TASK INPUTS section start
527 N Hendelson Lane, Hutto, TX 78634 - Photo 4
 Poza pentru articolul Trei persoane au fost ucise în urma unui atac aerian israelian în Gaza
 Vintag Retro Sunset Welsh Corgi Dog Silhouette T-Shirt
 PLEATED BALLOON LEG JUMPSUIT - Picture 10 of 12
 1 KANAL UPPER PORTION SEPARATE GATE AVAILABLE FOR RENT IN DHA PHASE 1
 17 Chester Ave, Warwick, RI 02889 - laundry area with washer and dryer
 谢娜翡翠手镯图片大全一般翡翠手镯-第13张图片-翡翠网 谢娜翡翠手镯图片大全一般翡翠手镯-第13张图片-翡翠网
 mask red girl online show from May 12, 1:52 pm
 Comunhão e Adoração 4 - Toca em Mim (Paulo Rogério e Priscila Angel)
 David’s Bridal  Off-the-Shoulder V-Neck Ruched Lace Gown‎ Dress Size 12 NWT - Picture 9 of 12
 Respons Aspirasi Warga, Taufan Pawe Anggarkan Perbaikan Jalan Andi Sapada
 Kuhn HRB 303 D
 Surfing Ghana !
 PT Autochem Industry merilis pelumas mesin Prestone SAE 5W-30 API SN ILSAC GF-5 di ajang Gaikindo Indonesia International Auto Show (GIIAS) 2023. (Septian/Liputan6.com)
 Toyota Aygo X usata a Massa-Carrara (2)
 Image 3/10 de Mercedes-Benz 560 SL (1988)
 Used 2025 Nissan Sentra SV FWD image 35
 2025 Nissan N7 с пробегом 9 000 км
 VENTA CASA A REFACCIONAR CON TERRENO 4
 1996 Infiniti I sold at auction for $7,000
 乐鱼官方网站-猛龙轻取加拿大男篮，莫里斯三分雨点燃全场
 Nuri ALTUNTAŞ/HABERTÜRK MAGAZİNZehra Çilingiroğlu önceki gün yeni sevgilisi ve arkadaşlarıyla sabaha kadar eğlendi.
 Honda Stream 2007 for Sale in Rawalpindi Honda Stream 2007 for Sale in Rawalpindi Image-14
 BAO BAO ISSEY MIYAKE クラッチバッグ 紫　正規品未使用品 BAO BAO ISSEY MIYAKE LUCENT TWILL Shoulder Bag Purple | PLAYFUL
TASK INPUTS section end
- [TASK STATEMENT]:
Set down exactly, and only, the lines from the one with "Respons Aspirasi Warga, Taufan" to the final line of the data.

- [RESPONSE TO THIS TASK]:
 Respons Aspirasi Warga, Taufan Pawe Anggarkan Perbaikan Jalan Andi Sapada
 Kuhn HRB 303 D
 Surfing Ghana !
 PT Autochem Industry merilis pelumas mesin Prestone SAE 5W-30 API SN ILSAC GF-5 di ajang Gaikindo Indonesia International Auto Show (GIIAS) 2023. (Septian/Liputan6.com)
 Toyota Aygo X usata a Massa-Carrara (2)
 Image 3/10 de Mercedes-Benz 560 SL (1988)
 Used 2025 Nissan Sentra SV FWD image 35
 2025 Nissan N7 с пробегом 9 000 км
 VENTA CASA A REFACCIONAR CON TERRENO 4
 1996 Infiniti I sold at auction for $7,000
 乐鱼官方网站-猛龙轻取加拿大男篮，莫里斯三分雨点燃全场
 Nuri ALTUNTAŞ/HABERTÜRK MAGAZİNZehra Çilingiroğlu önceki gün yeni sevgilisi ve arkadaşlarıyla sabaha kadar eğlendi.
 Honda Stream 2007 for Sale in Rawalpindi Honda Stream 2007 for Sale in Rawalpindi Image-14
 BAO BAO ISSEY MIYAKE クラッチバッグ 紫　正規品未使用品 BAO BAO ISSEY MIYAKE LUCENT TWILL Shoulder Bag Purple | PLAYFUL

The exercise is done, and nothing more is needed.